I am currently working on a new book on the spatial, political geography dimensions of constitutionalism, past and present. It ties up nicely with a second project I am engaged in on various reactions to so-called “global constitutionalism.” In addition, I am writing a couple of pieces on the methodological horizons of comparative constitutional inquiry, and a paper with Ayelet Shachar on the threat to statist constitutionalism posed by religion.
2. How and when do you write? Do you have a routine or do you write whenever and wherever you find the time?
Unlike Mark Tushnet or Rosalind Dixon, I prefer to write at home, during the wee hours, early morning or late night. The main determinant of when and how much is, to be frank, family obligations. My better half and life-long intellectual partner has recently assumed a directorship position with the Max Planck Society (Germany) which opens up a whole new world of intellectual and institutional possibilities for her, but also places serious demands on her time. Add to that a child in his formative high school years, and well … you get the picture. A second factor is travel. I do it frequently and enjoy it a great deal, but sometimes find it taxing in terms of keeping my eyes on the writing ball. My office time is devoted to meetings with students and professional correspondence in all its variety.

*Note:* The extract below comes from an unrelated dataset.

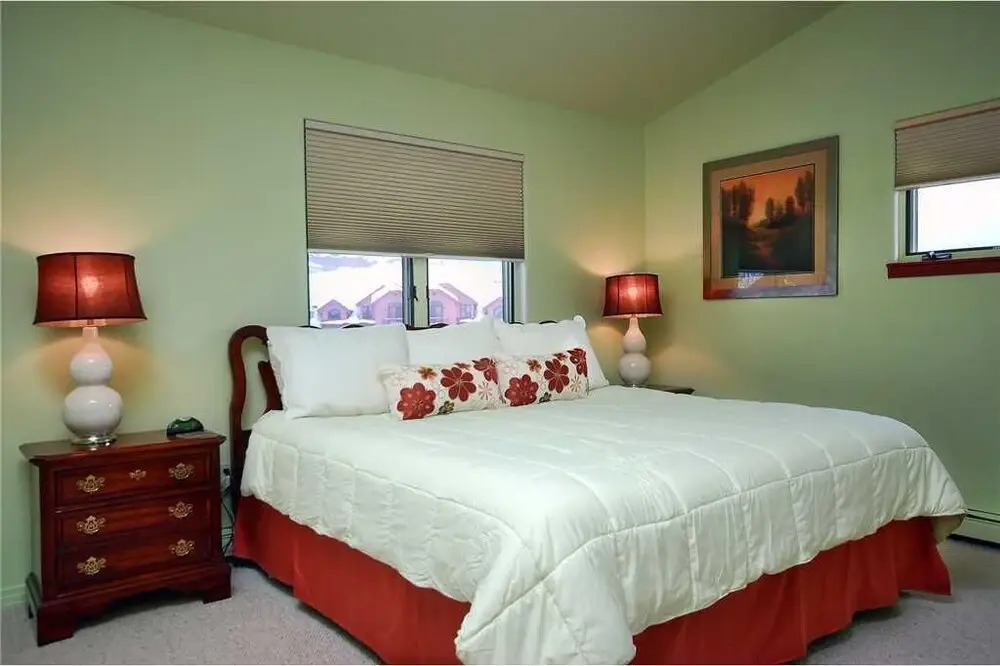 Iron Oak Duplex I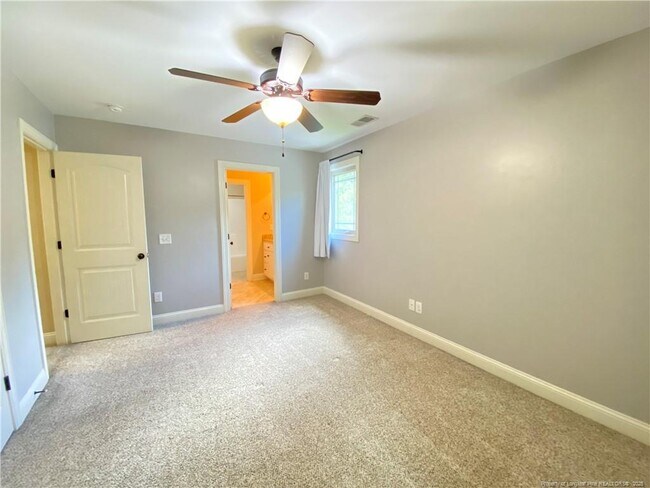 Building Photo - 484 Crown Point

3. Whose scholarship jumps to the top of your reading list when she or he publishes something new?
I follow closely the work of many comparativists, young and younger, in both political science and law. I cherish the intellectual honesty of Sandy Levinson and Vicki Jackson, the versatility of Tom Ginsburg, the daring of Mila Versteeg, and the humanistic depth of Joseph Weiler to name but a few scholars whose work I follow. I am frequently asked to review manuscripts and grant proposals, a fact that helps to keep up with a range of comparative work on constitutional law and politics. With Tom Ginsburg and Zach Elkins, I co-edit a book series on comparative constitutional law and policy. That allows us to review book proposals and to think critically about new ideas, and where the field may be heading.
4. Is there an article or book that influenced you as a student and that continues today to be an important reference point for you?
Books such as Martin Shapiro’s Courts or Sandy Levinson’s Constitutional Faith are classics that continue to guide my thinking about the constitutional domain and its socio-political context and functions. But I often find myself drawn to non-law literary gems that helped me survive the largely doctrinal first year law school classes, most notably Italo Calvino’s Invisible Cities, Friedrich Dürrenmatt’s The Pledge, Rebecca Goldstein’s The Legacy of Raizel Kaidish, Yaakov Shabtai’s Past Continuous, and Georges Perec’s The Winter Journey, all of which I know nearly by heart.
5. What are some of the big questions ripe for inquiry in your area of research interest?
Economic inequality is obviously a major theme, but since it has been addressed by earlier posts, I shall not say more about it. It may be indicative of a broader problem with constitutionalism, especially in its prevalent liberal breed, namely that it helps take off the table core issues such as class, wealth and inheritance, meaningful democratic representation and other such matters. In addition, I am puzzled by the continuous self-centrism in the study of American constitutionalism, and surprisingly, the study of European constitutionalism as well, while many interesting questions of constitutional politics are better addressed by a genuinely comparative, problem-driven, not setting-driven outlook.